The George Zimmerman and Michael Dunn trials are modern-day examples of how justice has played out in American courtrooms for centuries outside the spotlight of media attention.”
Interesting he neglects to mention the difference in the outcome of the trials.
He's a lawyer.
I don’t know. I’m the only PhD that I know that doesn’t flaunt it. But I came to it way to late in life to be impressed with myself. :)
Correct me if I’m wrong, but I read that the presumption in Europe is that the accussed is guilty??
Our legal tradition is inherited from England, so certainly not all of Europe. I believe in France's system you must prove your innocence.
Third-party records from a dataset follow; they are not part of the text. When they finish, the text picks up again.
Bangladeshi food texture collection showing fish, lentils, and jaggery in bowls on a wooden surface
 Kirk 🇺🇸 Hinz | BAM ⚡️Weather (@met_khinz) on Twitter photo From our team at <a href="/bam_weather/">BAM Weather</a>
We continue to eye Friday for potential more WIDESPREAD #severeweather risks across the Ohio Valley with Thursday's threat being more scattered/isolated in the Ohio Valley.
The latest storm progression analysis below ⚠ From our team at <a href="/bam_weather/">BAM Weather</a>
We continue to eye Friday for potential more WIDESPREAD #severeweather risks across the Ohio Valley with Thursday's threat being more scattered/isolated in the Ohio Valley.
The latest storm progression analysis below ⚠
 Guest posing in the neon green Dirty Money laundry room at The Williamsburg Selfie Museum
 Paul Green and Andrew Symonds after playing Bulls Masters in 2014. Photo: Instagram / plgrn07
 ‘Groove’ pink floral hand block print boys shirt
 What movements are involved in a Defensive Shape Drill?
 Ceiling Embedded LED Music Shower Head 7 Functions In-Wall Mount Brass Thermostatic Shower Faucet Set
I had a seminar in graduate school with someone who was a Russian prince...but he just put “Mr.” in front of his surname on his syllabus, when he could have put “H.R.H. Prince...”
Let me answer that . . . No!
Not entirely broken, as the Zimmerman case shows. But it is seriously dented, in the sense that jurors are told that they dont have the discretion that the prosecutor has - which is to treat a violation as serious or as a technicality. If as the author ofThree Felonies A Day: How the Feds Target the Innocent - Harvey Silverglate (Author), Alan M. Dershowitz (Foreword)argues, anyone can be held to be guilty of something, that is not a minor point.
I prefer our system, even if the occasional OJ or Angela Davis goes free.